The integral becomes $$ I = \int_0^{\pi/6}\arcsin\Bigl(\cos\psi\sqrt{4\cos^2\psi - 3}\Bigr)\,d\psi. $$

Alternatively, one can make the substitution $x=2\psi$, so $d\psi = dx/2$. The limits become $0$ to $\pi/3$. $$ I = \frac{1}{2} \int_0^{\pi/3} \arcsin\left(\sqrt{\cos(3x/2)\cos(x/2)}\right) dx. $$

Answer 1

With $\cos^{-1} t = \frac12\cos^{-1}(2t^2-1)$ \begin{align} &\int_0^{\pi/6}\sin^{-1}\sqrt{\cos3x\cos x}\ dx\\ = &\int_0^{\pi/6}\cos^{-1}\left(\sin x\sqrt{1+4\cos^2 x}\right)\ dx\\ = &\ \frac12 \int_0^{\pi/6}\cos^{-1}\left[2\sin^2x(1+4\cos^2x)-1\right]\ \overset{2x\to x}{dx}\\ = &\ \frac14\int_0^{\pi/3}\cos^{-1}\left(2\sin^2x-\cos x\right)\ {dx}=\frac{\pi^2}{20} \end{align} where $\int_0^{\pi/3}\cos^{-1}\left(2\sin^2x-\cos x\right)\ {dx}=\frac{\pi^2}5$.

Answer 2

$$I=\int_0^{\frac \pi 6}\arcsin\Bigl(\sqrt{\cos(3x)\cos(x)}\Bigr)\,dx$$ If we use the series expansion of the arc sine function, we should have to compute $$\sum_{n=0}^\infty\frac{ (2 n)!}{4^n\,(2 n+1) (n!)^2}\int_0^{\frac \pi 6}\Big(\cos (3x) \cos ( x)\Big)^{\frac{2 n+1}{2} }\,dx$$ $$J_n=\int_0^{\frac \pi 6}\Big(\cos (3x) \cos ( x)\Big)^{\frac{2 n+1}{2} }\,dx$$ Given by a CAS, the corresponding antiderivative is given in terms of the Appell hypergeometric function of two variables and $$J_n=-\frac{\pi ^{3/2}\, 4^n}{\Gamma \left(-2 n-\frac{1}{2}\right) \Gamma (2 n+2)}\, _2F_1\left(-2 n-1,-n-\frac{1}{2};-2 n-\frac{1}{2};\frac{3}{4}\right)$$ which are all positive.

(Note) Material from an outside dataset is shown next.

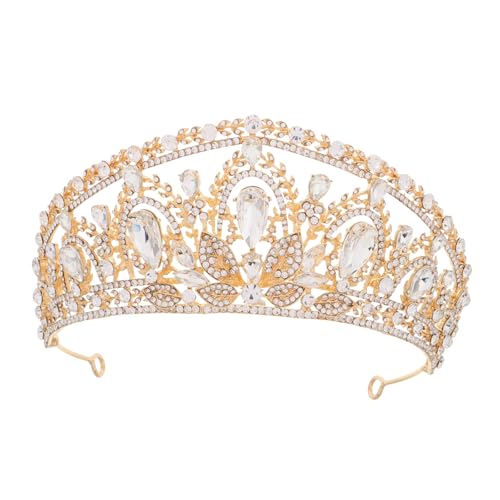 DONFAMDS Strass-tiara Für Damen Hochzeit Braut Stirnband Prinzessinnen-accessoires Geburtstagskrone Mädchen Haar-accessoires Zum Geburtstag Prom Pageant Party Strass-kopfschmuck von DONFAMDS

So, the summand becomes $$a_n=-\frac{\pi ^{3/2}\, _2F_1\left(-2 n-1,-n-\frac{1}{2};-2 n-\frac{1}{2};\frac{3}{4}\right)}{(2 n+1)^2 \, \Gamma \left(-2 n-\frac{1}{2}\right)\, \Gamma (n+1)\, \Gamma (n+1)}$$

For large $n$ $$\frac {a_{n+1}}{a_n}=1-\frac 2n+\frac 4{n^2}+O\left(\frac{1}{n^3}\right)$$ which is not a very good sign for the convergence.

$$\left( \begin{array}{cc} p & \sum_{n=0}^p \\ 10 & 0.483361 \\ 20 & 0.488167 \\ 30 & 0.489879 \\ 40 & 0.490756 \\ 50 & 0.491290 \\ 60 & 0.491649 \\ 70 & 0.491906 \\ 80 & 0.492101 \\ 90 & 0.492252 \\ 100 & 0.492374 \\ 200 & 0.492924 \\ 300 & 0.493109 \\ 400 & 0.493201 \\ 500 & 0.493257 \\ 600 & 0.493294 \\ 700 & 0.493321 \\ 800 & 0.493341 \\ 900 & 0.493356 \\ 1000 & 0.493369 \\ \cdots & \cdots \\ \infty & 0.493480\\ \end{array} \right)$$

Using Wolfram Alpha, this is $\frac {\pi^2}{20}$.

I shall wait for a proof of this result.